## What to produce
Leaving out the pictures, return word for word the stretch of entries below from the line holding "Cream-colored baby onesie" through the line holding "Open-concept living space".

## Record excerpts
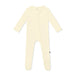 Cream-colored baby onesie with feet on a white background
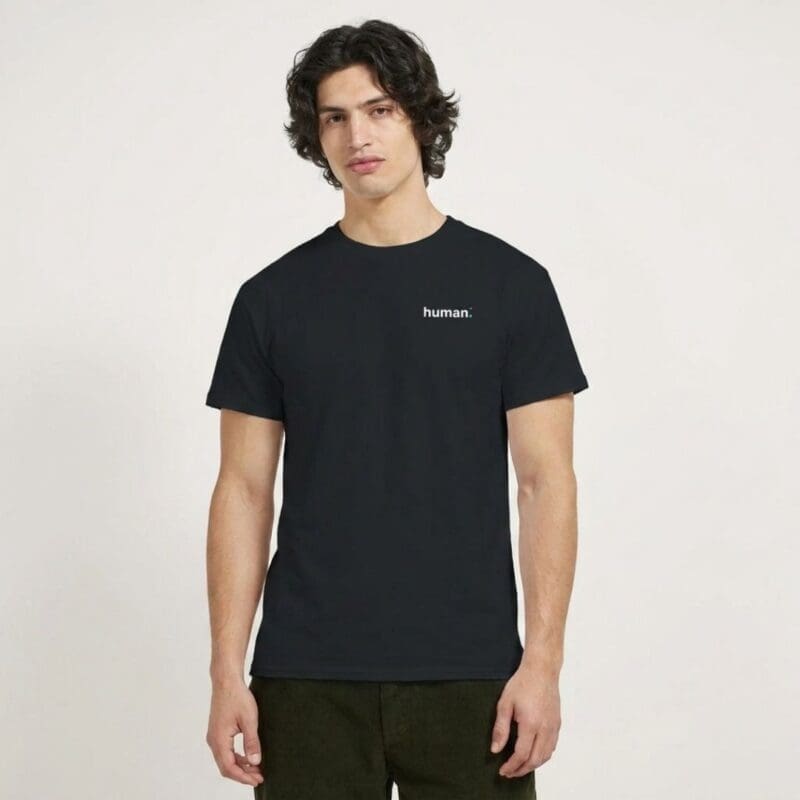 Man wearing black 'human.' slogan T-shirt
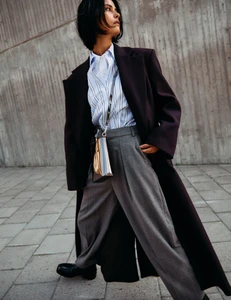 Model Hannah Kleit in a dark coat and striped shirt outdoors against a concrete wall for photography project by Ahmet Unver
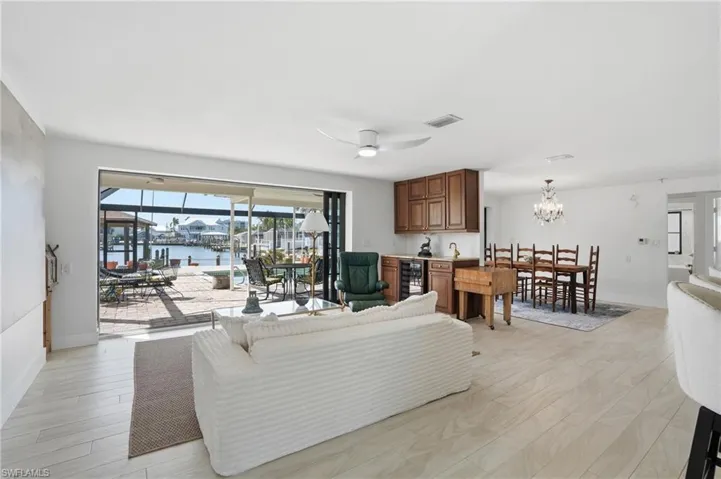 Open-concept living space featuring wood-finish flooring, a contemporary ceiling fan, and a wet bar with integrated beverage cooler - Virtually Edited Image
--
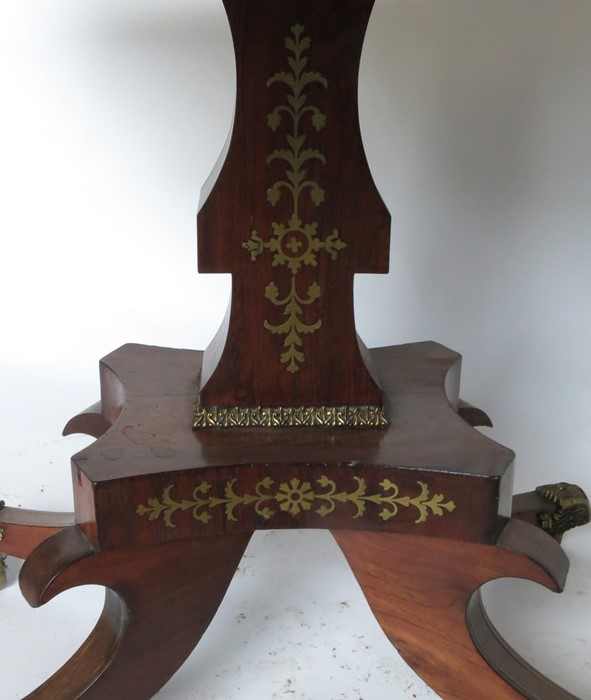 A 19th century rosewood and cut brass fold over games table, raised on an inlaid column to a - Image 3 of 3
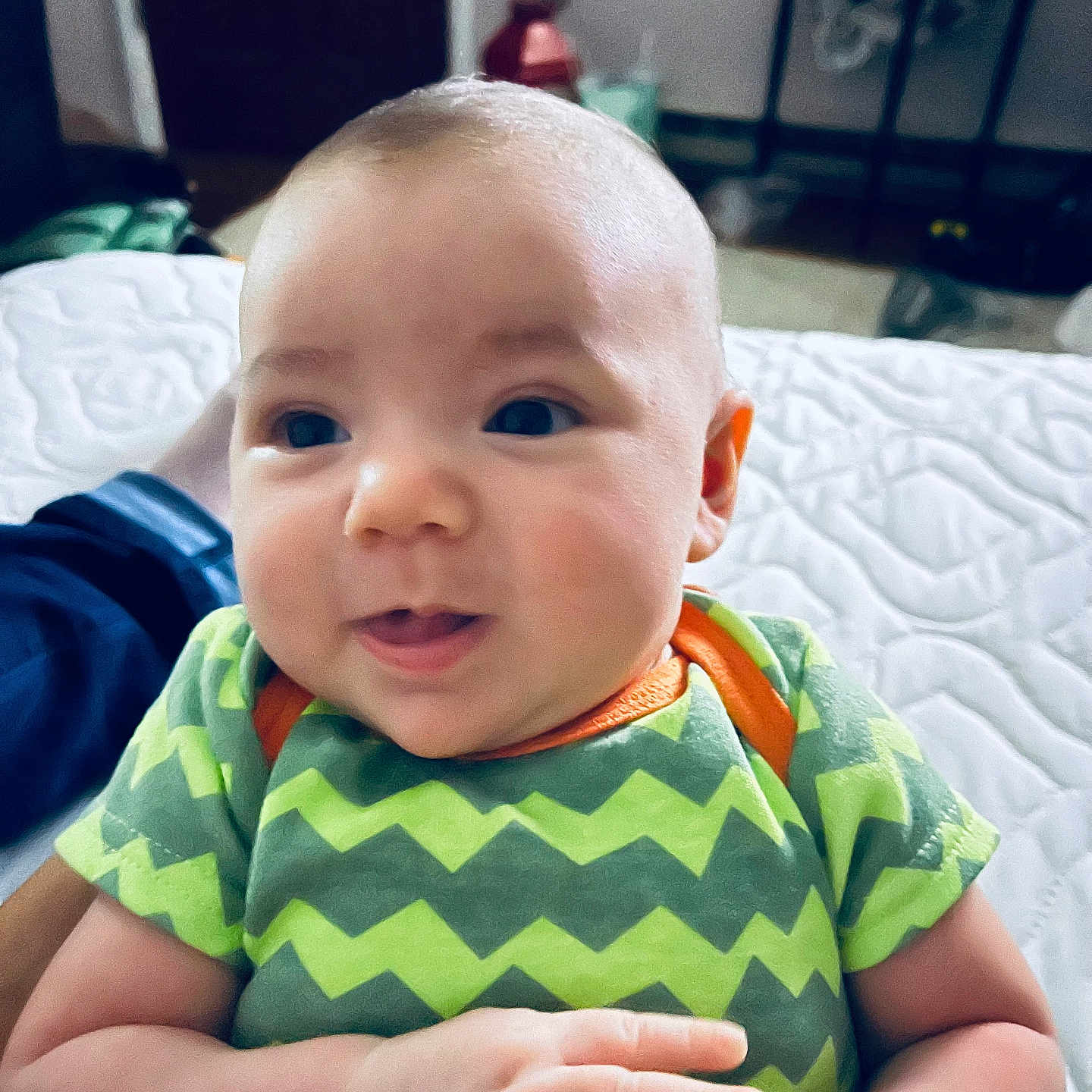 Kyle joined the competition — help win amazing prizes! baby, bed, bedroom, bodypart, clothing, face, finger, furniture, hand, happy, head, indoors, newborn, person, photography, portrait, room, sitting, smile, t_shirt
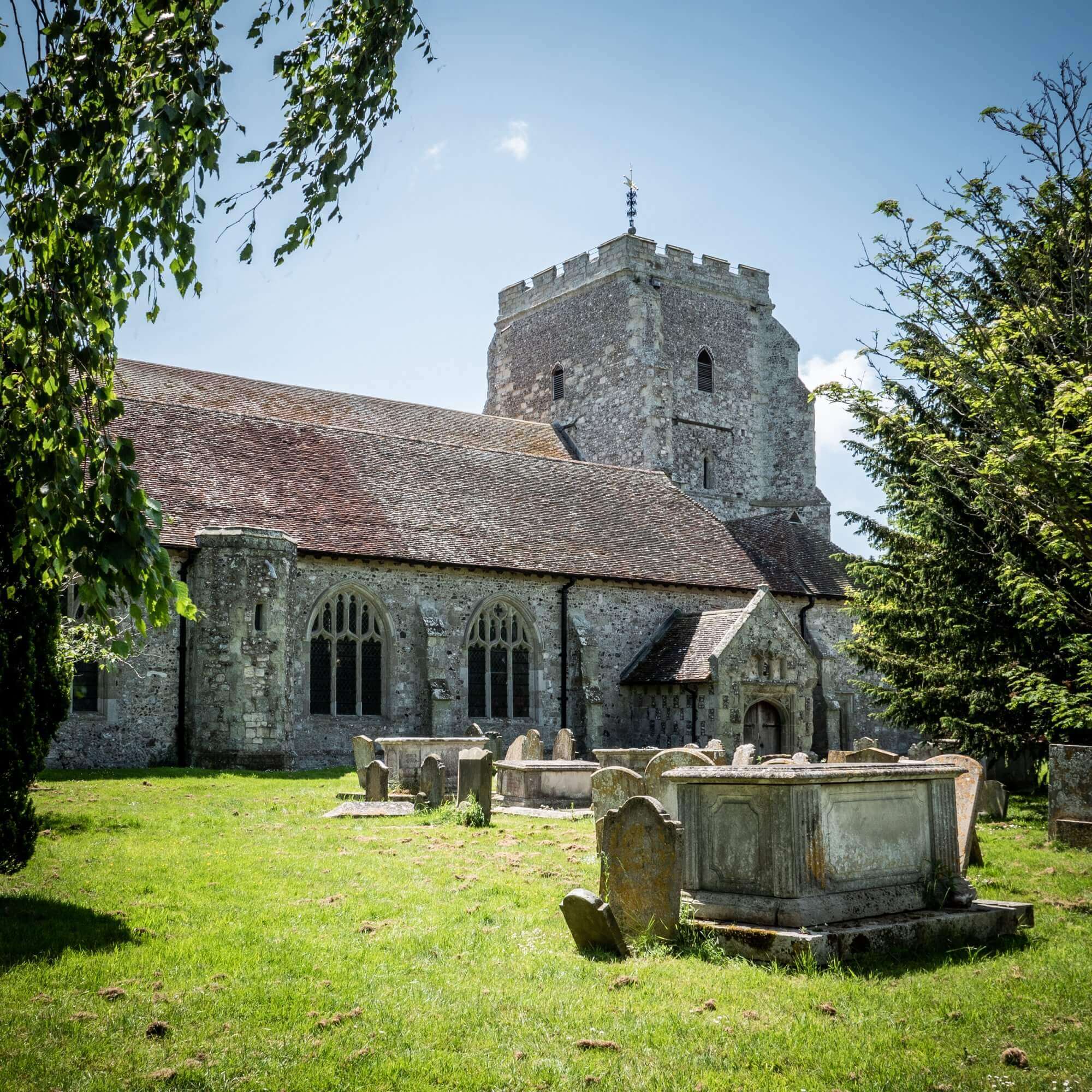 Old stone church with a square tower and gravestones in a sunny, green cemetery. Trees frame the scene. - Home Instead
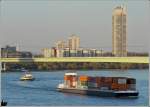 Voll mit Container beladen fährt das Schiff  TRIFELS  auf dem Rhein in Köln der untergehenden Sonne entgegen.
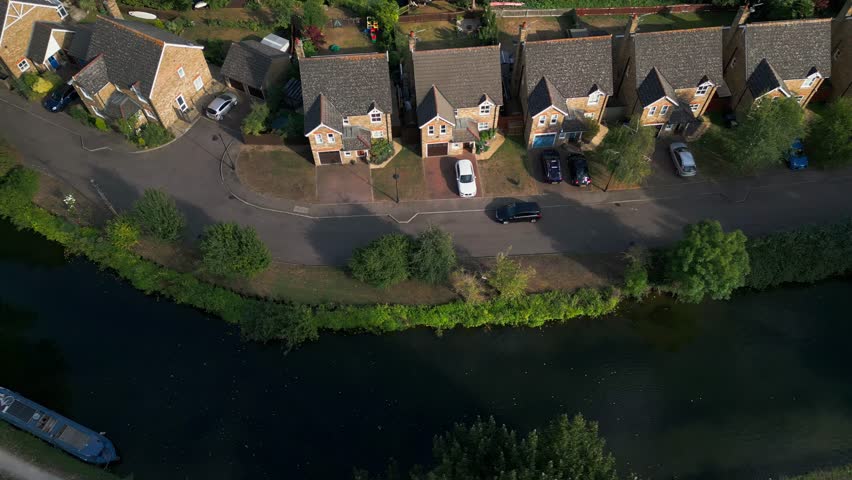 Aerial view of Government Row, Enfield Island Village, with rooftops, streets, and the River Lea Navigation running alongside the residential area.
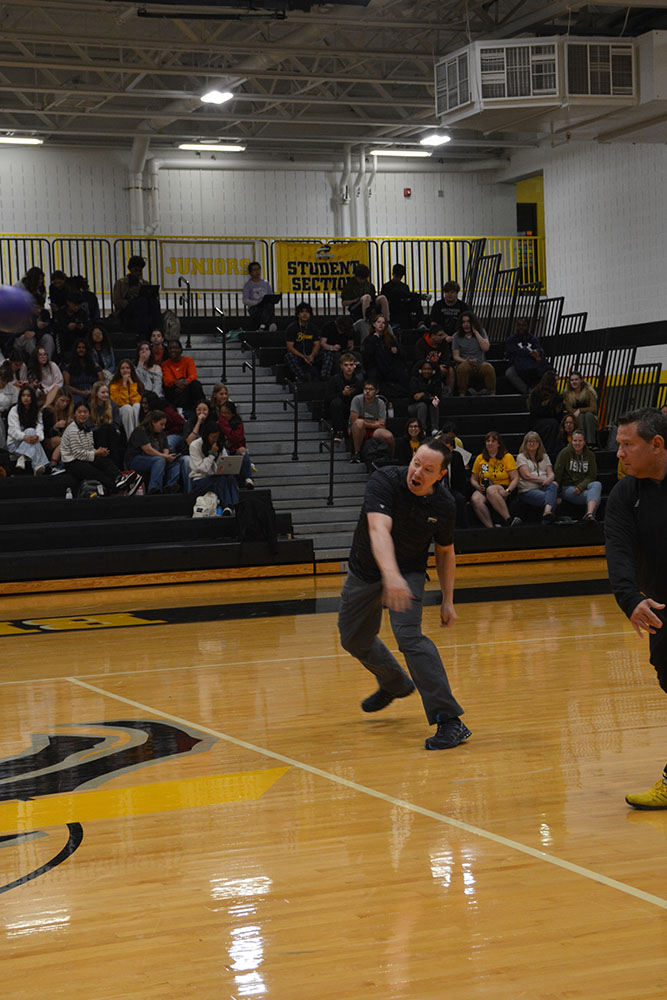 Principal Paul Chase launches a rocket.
==
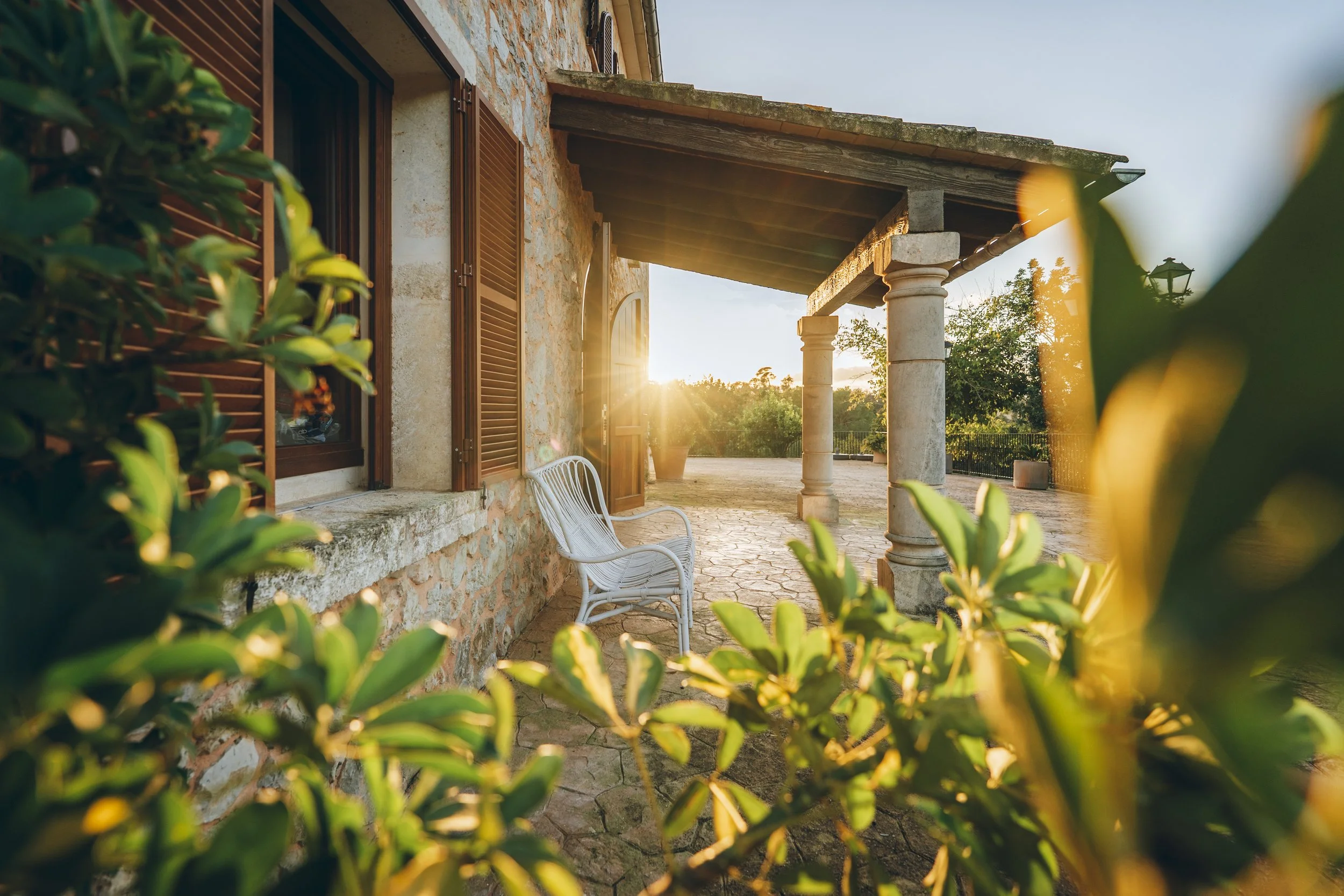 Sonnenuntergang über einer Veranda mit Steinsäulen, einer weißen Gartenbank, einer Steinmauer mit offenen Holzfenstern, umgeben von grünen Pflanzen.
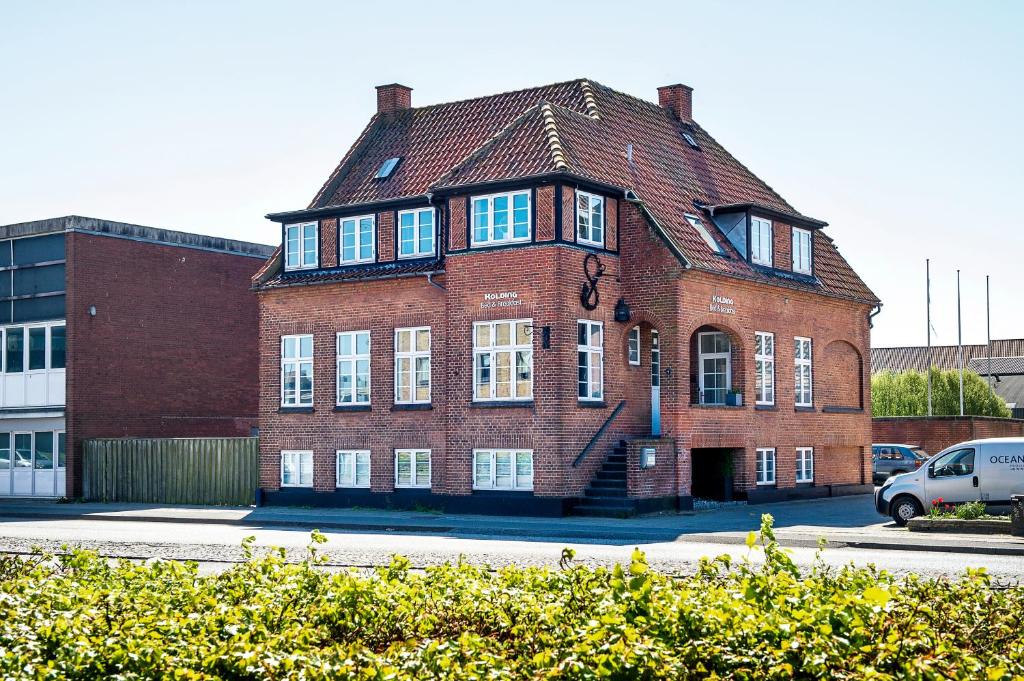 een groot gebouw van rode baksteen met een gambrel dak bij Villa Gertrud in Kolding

## Task response
 Cream-colored baby onesie with feet on a white background
 Man wearing black 'human.' slogan T-shirt
 Model Hannah Kleit in a dark coat and striped shirt outdoors against a concrete wall for photography project by Ahmet Unver
 Open-concept living space featuring wood-finish flooring, a contemporary ceiling fan, and a wet bar with integrated beverage cooler - Virtually Edited Image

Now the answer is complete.